L'on pouvait croiser à ses réceptions: son amant, le poète Charles Cros, Judith Gautier, Albert Mérat, Jeanne Samary, Olympe Audouard, Jean Marras, Henri La Luberne, le poète anglais George Moore qui fut for mal reçu des convives; Paul Verlaine, Émile Goudeau, bougie d'allumage de la vie culturelle montmatroise; Léo Montancey, pseudonyme de Léo Goudeau, frère du précédent; l'humoriste Alphonse Allais, Maurice Mac Nab, Léon Bloy, Stéphane Mallarmé, Hector Berlioz et Richard Wagner avec son style musical révolutionnaire qu'elle imposa; les frères Goncourt, Catulle Mendès, Jules Valès, Henri de Rochefort, Jules Laforgue, Augusta Holmès poète-compositeur; Jean Richepin, Villiers de l'Isle Adam, François Coppée, Camille Pellatan, le magnétiseur Henri Delaage, Stéphane Mallarmé, François Arago, Arthur Rimbaud, Maurice Rollinat, Charles-Marie Leconte, dit Leconte de Lisle, Raoul Ponchon, Octave Mirbeau, José Maria de Heredia, Léon Dierx, Anatole France, l'étrange musicien Cabaner, Nicolas Toussaint Des Essarts, le poète Emmanuel Des Essarts, Ernest, dit Coquelin cadet; Émile Zola, Alphonse Daudet, Édouard Manet qui a peint son portrait en femme algérienne; (1874, Musée d'Orsay), Germain Nouveau, le journaliste Edmond Bazire, Achille Toupié-Béziers, Edgar Degas, Léon Gambetta, l'astronome Camille Flammarion, Hippolyte Rigault, Pierre Flourens, Tony Révillon, Émile François Ernest Peyrouton Laffon de Ladebat, Hubert Lavigne, Édouard Lockroy, Georges Lorin, le peintre Pierre Franc-Lamy, Auguste de Châtillon, Félicien Champsaur, Paul Alexis, Léon Valade, le musicien Charles de Sivry, l'écrivain Adolphe Racot, le peintre et graveur Marcellin Desboutin, Henry Ghys, musicien maître de Maurice Ravel; les femmes de lettres Marie Manoël de Grandfort (Marie-Antoinette Barsalou;) et Marie de Rute, fille de la princesse Laetitia Bonaparte; la chanteuse Marie Lhéritier, le peintre Jean-Louis Forain, le bon géant Boussenard ainsi que son frère voyageur, Louis-Henri Boussenard et quelques autres avant-gardistes.

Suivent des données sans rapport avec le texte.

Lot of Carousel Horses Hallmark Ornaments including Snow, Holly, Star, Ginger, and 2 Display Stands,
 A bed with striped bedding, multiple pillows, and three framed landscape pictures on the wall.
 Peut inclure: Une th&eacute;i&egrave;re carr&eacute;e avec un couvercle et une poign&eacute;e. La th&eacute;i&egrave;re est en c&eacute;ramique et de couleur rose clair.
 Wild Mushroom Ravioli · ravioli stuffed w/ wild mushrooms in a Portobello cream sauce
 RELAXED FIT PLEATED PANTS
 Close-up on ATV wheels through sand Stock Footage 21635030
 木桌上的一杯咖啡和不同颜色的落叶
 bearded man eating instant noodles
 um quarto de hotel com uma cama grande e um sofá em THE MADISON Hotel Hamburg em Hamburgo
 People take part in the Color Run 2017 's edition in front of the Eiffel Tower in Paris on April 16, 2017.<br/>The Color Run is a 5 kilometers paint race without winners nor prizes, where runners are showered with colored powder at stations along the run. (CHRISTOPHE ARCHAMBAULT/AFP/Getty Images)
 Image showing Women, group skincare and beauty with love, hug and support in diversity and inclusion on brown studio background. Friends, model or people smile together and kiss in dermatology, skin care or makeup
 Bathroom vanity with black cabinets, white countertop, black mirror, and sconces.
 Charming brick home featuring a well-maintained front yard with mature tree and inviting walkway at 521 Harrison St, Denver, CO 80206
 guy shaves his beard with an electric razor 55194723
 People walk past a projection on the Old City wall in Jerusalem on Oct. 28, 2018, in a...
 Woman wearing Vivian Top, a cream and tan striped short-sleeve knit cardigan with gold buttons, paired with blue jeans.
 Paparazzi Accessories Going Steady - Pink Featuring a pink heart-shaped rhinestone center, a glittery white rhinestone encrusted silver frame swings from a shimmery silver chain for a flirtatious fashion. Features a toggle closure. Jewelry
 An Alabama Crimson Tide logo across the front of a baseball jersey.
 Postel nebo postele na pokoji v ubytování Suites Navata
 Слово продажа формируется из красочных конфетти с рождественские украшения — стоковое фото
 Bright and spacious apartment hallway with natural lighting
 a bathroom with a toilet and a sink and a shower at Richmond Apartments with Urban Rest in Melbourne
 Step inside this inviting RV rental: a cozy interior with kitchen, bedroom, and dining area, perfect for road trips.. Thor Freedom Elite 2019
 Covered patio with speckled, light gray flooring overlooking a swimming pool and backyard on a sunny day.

Les événements de 1870 ont fait fuir Nina et sa mère en Suisse à Genève où elle recevront de plus belle le flot de réfugiés politiques et culturels français. Pendant cet exil de trois années, Nina a perdu de son charme et beaucoup de ses moyens financiers. Puis c'est le retour au bercail de la reine fugitive du Tout-Paris mondain. Son hôtel de la rue des Moines, aux Batignolles, devient un nouveau point de ralliement. 1884 voit «La reine des fichus» décrite par Charles Cros mourir dans une clinique de Vanves usée par «l'alcool de ses nuits blanches».